The best thing on TV right now? A bunch of bankers – The Guardian

Season one of finance drama Industry was criminally underwatched. Its second season is genuinely sexy TV with background dialogue better than most show’s actual scripts

I have been reliving the exact moment somebody first told me about Succession, in that long lull between seasons one and two. London Bridge, an early autumn day that was crisp rather than slippery, the sun bouncing high from the Shard, and then: “Yeah it’s like a cut-throat family saga set in the glowing coals of what is basically Rupert Murdoch’s empire, also everyone is wearing caps and gilets.” Some TV just finds you this way: not via the Sky homepage or the trending topics on social media or the Gogglebox rewatch on Friday night, but passed along to you like a gift. Hey, you need to watch this, it’s the best thing on TV right now, I need someone to talk to about it.
So: hey, you need to watch Industry (Tuesday, 10.40pm, BBC One), it’s the best thing on TV right now, I need someone to talk to about it. The first season, an HBO–BBC venture that if you have eight spare hours this weekend is worth ignoring your so-called plans for and catching up on, was a criminally underwatched world-setter where five new graduates tumble through the first fraught year working at an investment bank, making heart-thudding million-pound goofs during the day and taking far too much ketamine at night.

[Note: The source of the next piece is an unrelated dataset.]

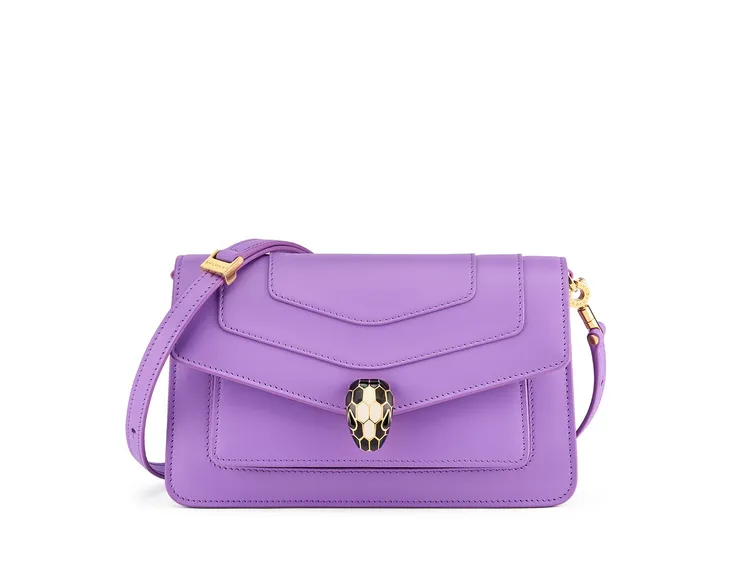 Serpenti Forever East-West紫水晶色小牛皮肩背包，7萬900元。品牌提供
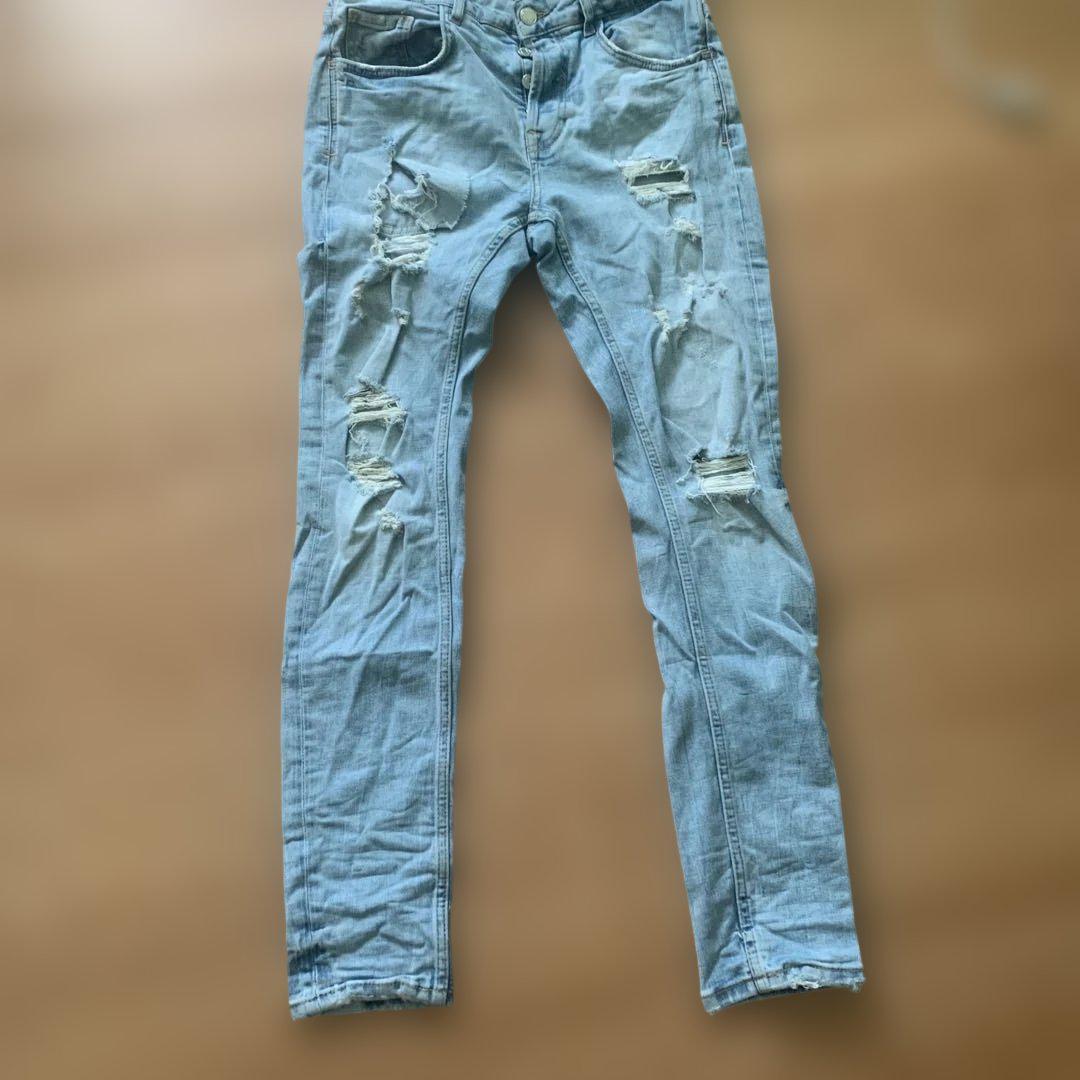 ダメージ加工ライトブルーデニムパンツ k3ケースリーダメージ加工 ライトブルー デニムパンツ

No, I know, you don’t want to feel sympathy for bankers. But that’s the beauty of Industry – when you see Harper have the most stressful hangover ever committed to screen, or see Robert fit uncomfortably in his new suit, or when you see Yasmin deal with a drippy university boyfriend who has “got into making sushi”, you don’t feel sympathy, exactly. Maybe a distant twinge of it – something happened to these people that made them so cravenly ambitious, and now they’re on the banking floor and they’re only going to get worse! – but you do not have to care for them. Watching Industry can feel like watching the Grand National as a novice: you choose someone whose name you like or vibe you click with, and mindlessly back them to win. But if they lose spectacularly then that is entertaining, too.
Season two starts by breaking TV’s omerta: it acknowledges Covid exists and the pandemic happened. Our graduates are now in their third year at the company: Harper is crawling back to the office after a year of desk-based fear, Robert has lost all the slick shaggability that made him a success in Year One, Yasmin has become hardened and cold, and Gus has quit his job and dyed his hair blue. Conor MacNeill’s Kenny has a beard and contrition. Ken Leung might be the most charismatic man on TV right now, and this season’s Eric is a force of unpredictability. You can never tell if he’s spinning out of control or if he is an all-seeing god who contains all the power in the universe.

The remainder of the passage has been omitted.